Warning: this article was written for a more seasoned developer, if this is your first programming language I suggest to take some programming and basic Computer Science courses, before learning Go, like Scratch and Khan Academy. If you are a DevOps and want to take some shortcuts there are other articles tailored to your needs.

Tour of Go 🏟

The Tour must be your first step, here you will decide if you ❤ or 💩 Go.

The tour of Go is a live coding tutorial built by the Go contributors, what can be better than this? It will take you trough the most Go concepts and features.

YouTube 📺

I prefer watching or listening instead of reading tutorials. It allows me to multi task, so I can study more while doing boring tasks like walking, washing the dishes etc.

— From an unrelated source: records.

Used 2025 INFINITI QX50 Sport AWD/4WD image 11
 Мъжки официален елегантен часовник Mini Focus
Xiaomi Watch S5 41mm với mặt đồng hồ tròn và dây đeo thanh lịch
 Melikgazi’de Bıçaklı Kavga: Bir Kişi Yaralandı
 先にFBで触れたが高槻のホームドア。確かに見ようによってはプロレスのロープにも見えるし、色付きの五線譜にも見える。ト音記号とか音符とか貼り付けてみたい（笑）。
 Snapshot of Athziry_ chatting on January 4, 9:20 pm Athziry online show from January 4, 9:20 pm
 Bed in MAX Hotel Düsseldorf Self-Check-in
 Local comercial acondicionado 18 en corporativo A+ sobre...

I am curating a YouTube playlist with the best intro-level videos I could find. The first video from the playlist is a crash course (similar with the tour of go), the following ones dive into different aspects of the GO, focused on the differences between other languages.

RTFM 📚

No matter your programming experience you need to read the manual, especially the “Effective Go” section. Go has some pretty weird concepts brought from different programming paradigms. 99% of the “newbie” questions I see on chat are covered in the manual.

A straightforward translation of a C++ or Java program into Go is unlikely to produce a satisfactory result — Java programs are written in Java, not Go.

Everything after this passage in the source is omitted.